== What you are asked to do ==
Copy out exactly, from the entries that follow, the line holding "Een kleurrijke sticker", the line holding "A 2017 Gehl", and all lines between them, but no pictures.

== Exercise input ==
■ ■ ■ ■ ■ ■ ■
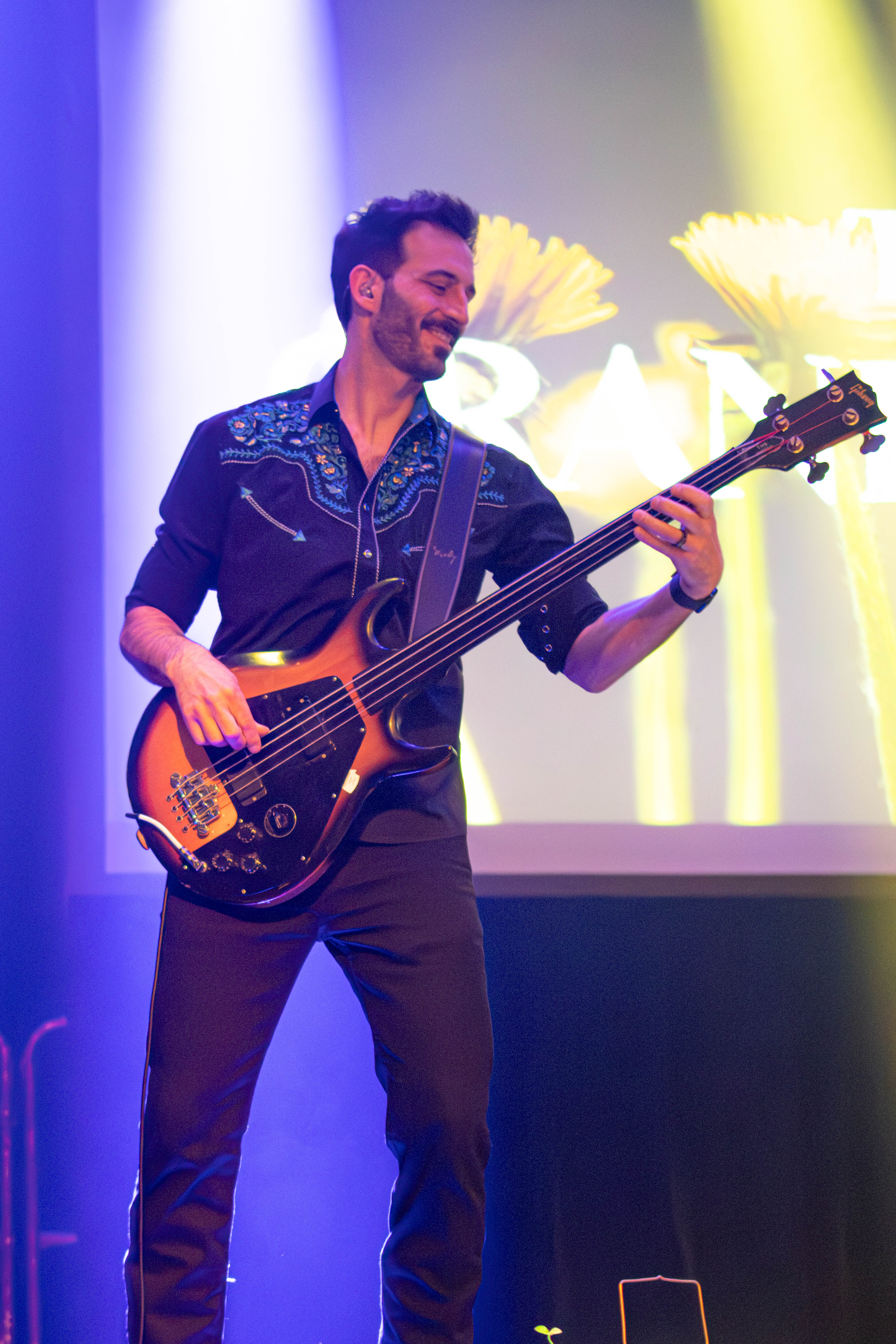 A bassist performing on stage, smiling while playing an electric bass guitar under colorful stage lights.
■ ■ ■ ■ ■ ■ ■
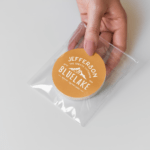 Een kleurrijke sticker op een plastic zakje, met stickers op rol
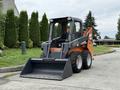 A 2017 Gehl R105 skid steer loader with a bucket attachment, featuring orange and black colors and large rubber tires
■ ■ ■ ■ ■ ■ ■
== Answer below ==
 Een kleurrijke sticker op een plastic zakje, met stickers op rol
 A 2017 Gehl R105 skid steer loader with a bucket attachment, featuring orange and black colors and large rubber tires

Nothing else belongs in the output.